Sunday, January 20, 2013

The meaning of ordination and how women were gradually excluded

Two points are important to make about the development of leadership roles in the church in the period from the fifth to the 13th centuries. 

First, the definition of ordination changed radically during the 12th century. 

Second, women were considered capable of ordination up until the 13th century. 

This having been said, it is important to understand what ordination meant from the fifth to the 13th centuries. 

Only then can we understand what it meant to ordain women during that period.
During the first millennium of Christianity, ordination meant election by and installation of a person to perform a particular function in a Christian community. Not only bishops, priests, deacons and subdeacons but also of porters, lectors, exorcists, acolytes, canons, abbots, abbesses, kings, queens and empresses were all considered equally ordained. This makes perfect sense. An ordo (order) was a group in the church (or society) that had a particular job or vocation. In fact, any job or vocation was called an "order," and the process by which one was chosen and designated for that vocation was an "ordination."

To quote Cardinal Yves Congar, the French Dominican theologian who died in 1995 at age 91, "Ordination encompassed at the same time election as its starting point and consecration as its term. But instead of signifying, as happened from the beginning of the 12th century, the ceremony in which an individual received a power henceforth possessed in such a way that it could never be lost, the words ordinare, ordinari, ordinatio signified the fact of being designated and consecrated to take up a certain place, or better a certain function, ordo, in the community and at its service." 


Ordination did not give a person, for instance, the irrevocable and portable power of consecrating the bread and wine, or of leading the liturgy, but rather a particular community would charge a person to play a leadership role within that community (and only within that community) and he or she would lead the liturgy because of the leadership role they played within the community. So any leader of a community would be expected to lead the liturgy.

As the quotation from Congar indicated, only in the 12th and 13th centuries did theologians and canonists devise, after lengthy debates, another definition of ordination. According to this definition -- and it is the one with which we are most familiar today -- ordination granted the recipient not a position within a community, but a power that a person can exercise in any community. 


The central power that ordination granted was the power to consecrate the bread and wine at the altar, and so, over time, ordination was considered to include only those orders that served at the altar, that is, the orders of priest, deacon and subdeacon. All of the other earlier orders were no longer considered to be orders at all.

As a part of this redefinition, women were excluded from all the orders including that of priest, deacon and subdeacon. In fact, it was taught and believed, and still is, that women never performed any of the roles now limited to those three orders. 


Under the older definition of order, however, women played several liturgical and administrative roles now reserved to deacons, priests and bishops. Evidence from the fourth through the 11th centuries indicates that a few women led liturgies with the approval of at least some bishops. 

The best surviving example of this is a stone carving dated between the fourth and sixth centuries and found near Poitiers, France; it commemorates that "Martia the priest [presbytera] made the offering together with Olybrius and Nepos." 

Scholars who have studied the carving agree that this inscription refers to Martia as a minister who celebrated the Eucharist along with two men, Olybrius and Nepos.

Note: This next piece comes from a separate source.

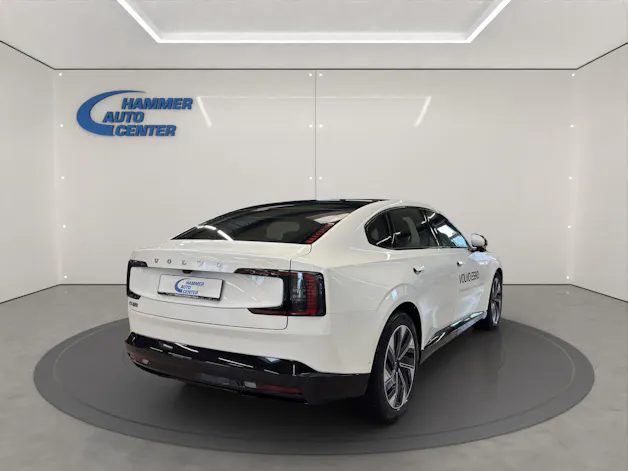 Volvo ES90 Ultra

That the practice continued is witnessed in a letter of Pope Gelasius I from 494 that admonished bishops who confirmed women to minister at the altar. 

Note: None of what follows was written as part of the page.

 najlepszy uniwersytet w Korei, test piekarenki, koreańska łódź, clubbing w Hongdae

Pope Zachary also condemned the practice of allowing women to serve at the altar. The Council of Paris in 829 made it extremely clear that it was the bishops who were allowing women to minister at the altar. Women certainly did distribute Communion in the 10th, 11th and perhaps the 12th centuries. Texts for these services exist in two manuscripts of this period.

All of this changed over roughly a hundred-year period between the end of the 11th century and the beginning of the 13th. For many different cultural reasons, women were gradually excluded from ordination. 

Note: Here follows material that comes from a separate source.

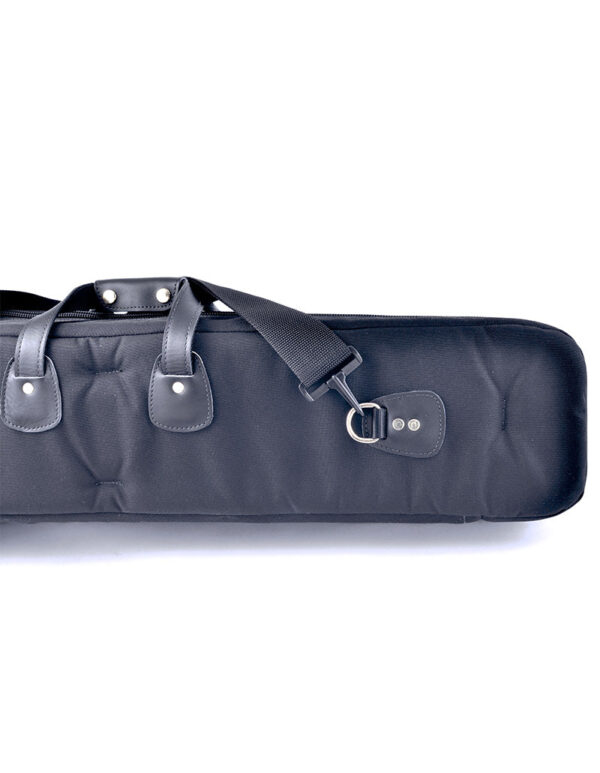 Glenn Cronkhite Custom Cases - Slide Trumpet/Soprano Trombone - Image 2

First, many roles in the church ceased to be considered as ordained -- most importantly, abbots and abbesses. Powerful women in religious orders went from being ordained to laity. 

Second, canon lawyers and then theologians began to debate whether women could be ordained to the priesthood or diaconate. Several canonists argued, for instance, that women had once been ordained to the diaconate but now no longer were. 

By the end of the 12th century, arguments were put forward that women had never been "really" ordained despite references in canon law to the contrary. 

Finally, by the beginning of the 13th century, canonists and theologians argued that women had never been and could never be ordained since they were physically, mentally and spiritually inferior to men. One Franciscan theologian, Duns Scotus (1266-1308), took a different approach. 

Women were the equal of men in all ways, but since Jesus had never ordained women, the church could not do so. This is, of course, the position of the magisterium in the present.

Little has changed, then, in the theology of ordination since the 13th century, when the church structure we have now was first solidified. The official teaching on the ordination of women dates from about a hundred years later.